You can fix the reading of your computer animated voice with misspellings. It is (Pee-King-Man) not (Peeking Man). Really?
😅
That's a Tortoise not a Turtle in the video. Different creatures.
And yet we think it’s impossible for a species of upright bipedal hominid to exist independent of humanity despite the countless eyewitness accounts across vast gulfs of time and space that share similarities with one another.
I hope we humans make at least another 1.7 million years.

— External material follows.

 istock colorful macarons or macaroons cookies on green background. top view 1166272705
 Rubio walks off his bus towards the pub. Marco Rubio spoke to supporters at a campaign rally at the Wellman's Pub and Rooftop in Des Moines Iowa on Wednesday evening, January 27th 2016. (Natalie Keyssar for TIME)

Sorry to say that’s unlikely due to our warlike nature. We no longer have to fight for food, so we fight for land, water, beliefs and politics. We graduated from killing animals, to killing humans and now we have the capacity to destroy the planet efficiently. I’m not sure if we can survive another upgrade. ❤
17:17 so, if I want to see those houses mentioned in the title, I have to watch the 17 minutes of everything everybody should already know about our ancestors?! Is this a novel way to attract more viewers?! Or shall we call it something else?
Click the gear, fast forward. It really IS that easy.
Tap the screen, drag the red button while watching the thumbnail. Even easier.
@@hollyingraham3980 of course. But you need to know where to skip. I believe majority of people knew this as it is a know topic. So... useless.
Boy, these videos are just so funny and I can’t stop laughing.
Had these early humans had invented god yet?
😂 that's why we should Just focus on our heritage
Too many hads, the second had is unnecessary.
There is a large school of thought that homo erectus is just homo sapian, so it is very possible that they had faith in a deity.
That depends upon the level of sophication or language and the ability to make stuff up and lie about it.
@@luludhamma774 why do you think language was ever invented, so they could sit around the fire and lie to one another, just as we all do today.
And.......... after all these years they're trying to outlaw fire.
I'm guessing early humans are still here. It's called evolution, not climate change. This stuff makes me laugh. A little entertaining though. Funny how money and politics has too enter into everything.
Very good! 👍
Sometimes i think that the humans are the species that should be extinct, no the dinosaurs.
You are so gay
Dinosaurs were cool 🦕 🦖 🐲
Lots of humans species went extinct. And some dinosaur species haven't. In every mass extinction event (5 previous) 75% of species on earth or more went extinct. Plus there is always a background extinction rate normally
@@frakismaximus3052agreed!
Dinosaurs are not extinct. Birds are therapod dinosaurs.
Housing began and spread with agriculture when our ancestors needed a place to store grains year round, about 10,000 years ago. Prior there were only temporary shelters. No houses 1.75 million years ago.